● EXERCISE AIM: Leave out the pictures and print the records below exactly.
RAW DATA below:
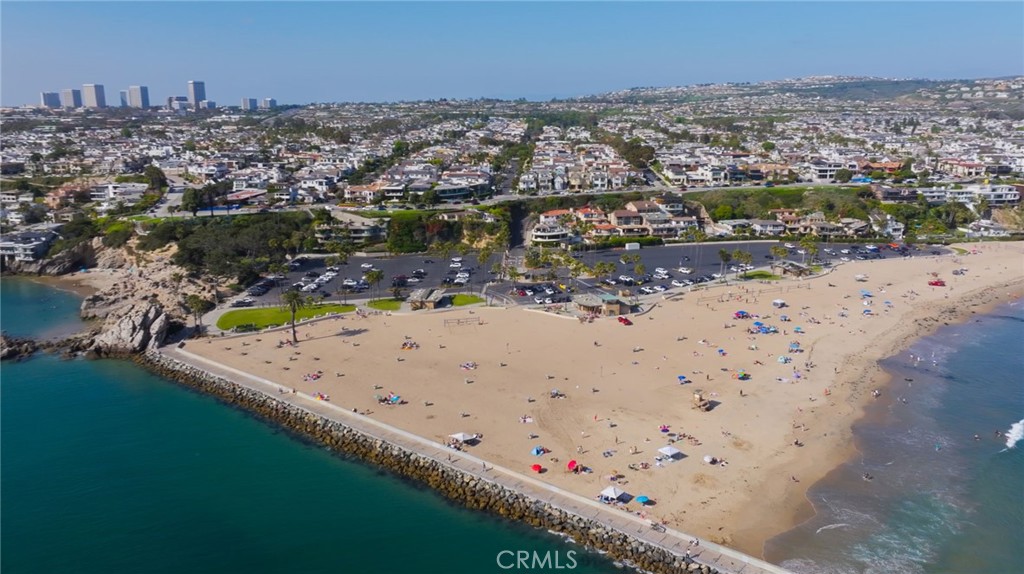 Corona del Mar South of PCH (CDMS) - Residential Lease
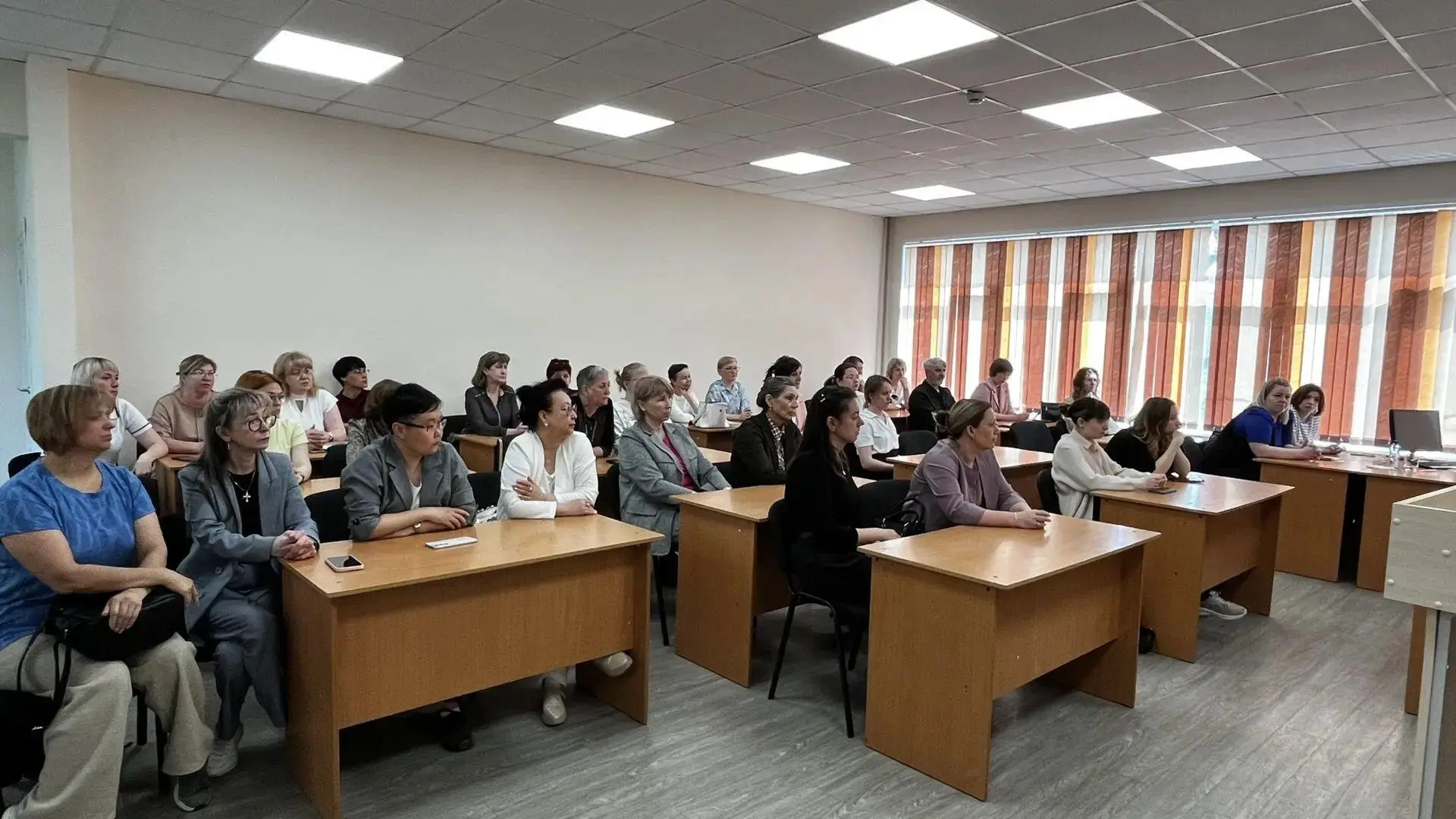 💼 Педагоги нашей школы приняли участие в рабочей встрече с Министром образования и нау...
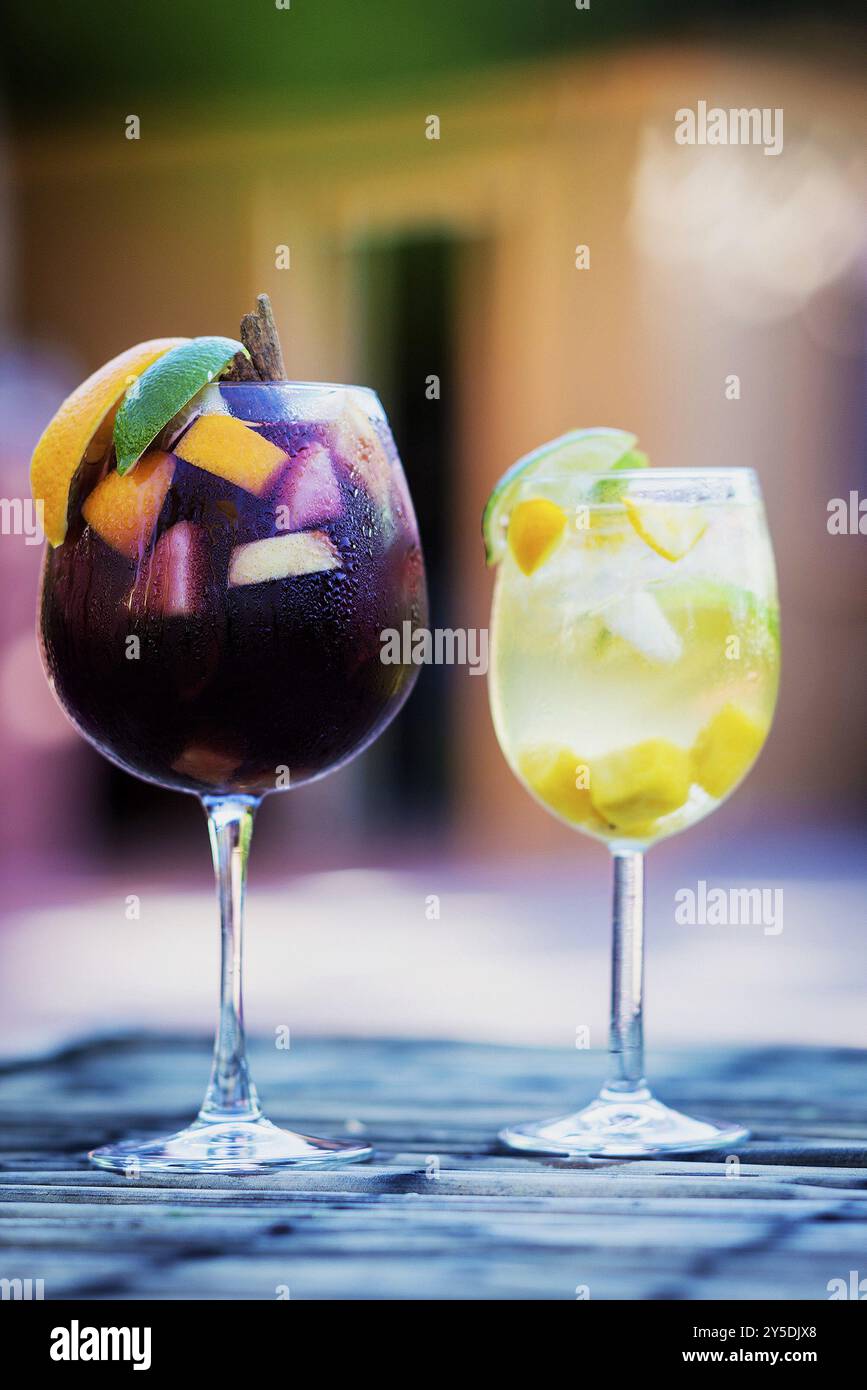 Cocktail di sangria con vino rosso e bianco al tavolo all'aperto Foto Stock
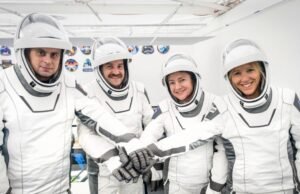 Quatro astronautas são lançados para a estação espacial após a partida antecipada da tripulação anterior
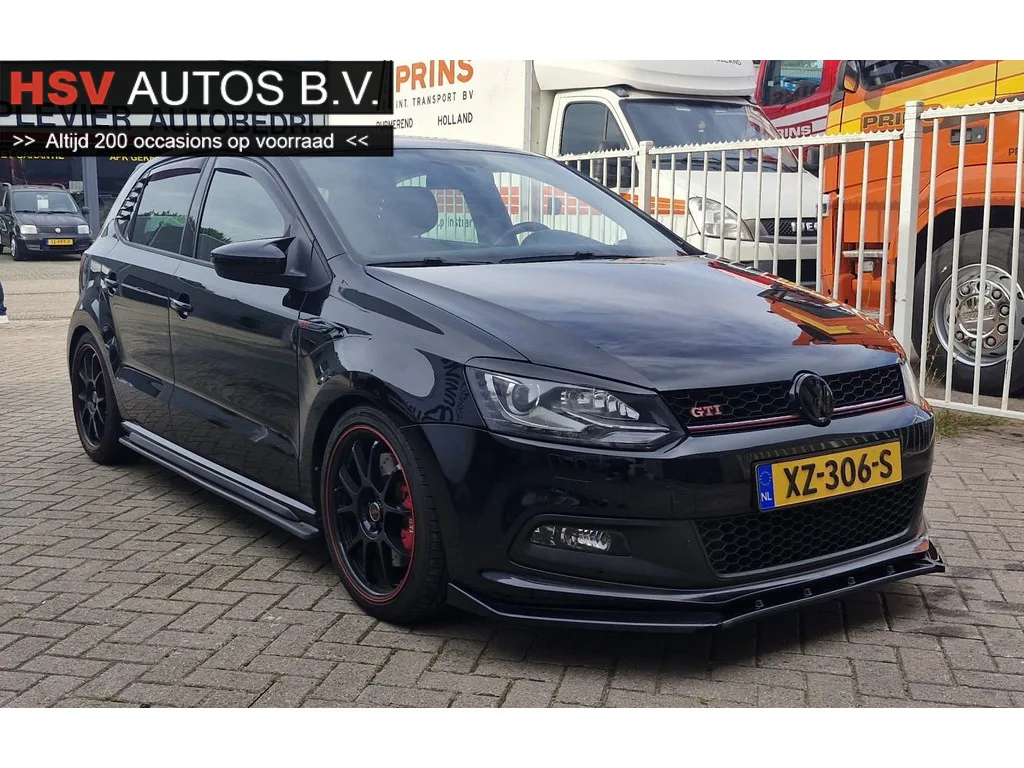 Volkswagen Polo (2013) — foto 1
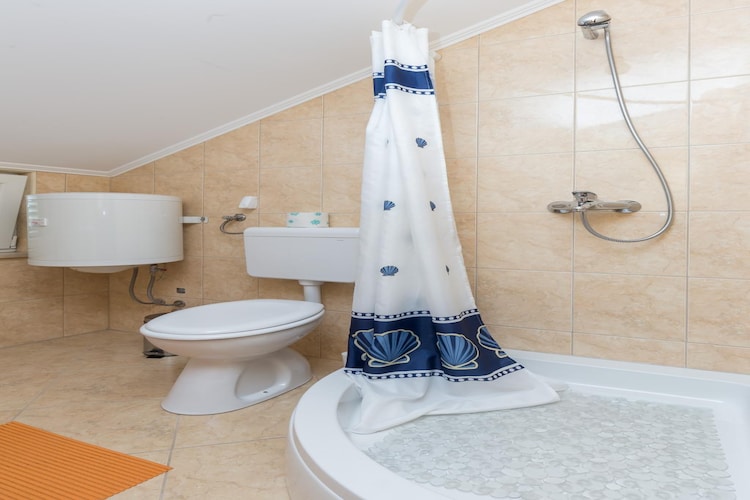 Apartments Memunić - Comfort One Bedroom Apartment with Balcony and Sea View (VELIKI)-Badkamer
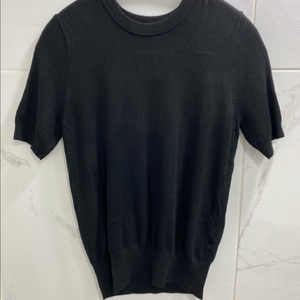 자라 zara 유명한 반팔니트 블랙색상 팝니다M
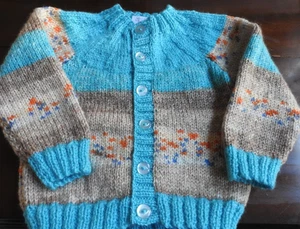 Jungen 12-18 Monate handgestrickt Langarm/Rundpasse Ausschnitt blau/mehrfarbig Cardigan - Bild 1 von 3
End of RAW DATA.
● REPLY:
 Corona del Mar South of PCH (CDMS) - Residential Lease
 💼 Педагоги нашей школы приняли участие в рабочей встрече с Министром образования и нау...
 Cocktail di sangria con vino rosso e bianco al tavolo all'aperto Foto Stock
 Quatro astronautas são lançados para a estação espacial após a partida antecipada da tripulação anterior
 Volkswagen Polo (2013) — foto 1
 Apartments Memunić - Comfort One Bedroom Apartment with Balcony and Sea View (VELIKI)-Badkamer
 자라 zara 유명한 반팔니트 블랙색상 팝니다M
 Jungen 12-18 Monate handgestrickt Langarm/Rundpasse Ausschnitt blau/mehrfarbig Cardigan - Bild 1 von 3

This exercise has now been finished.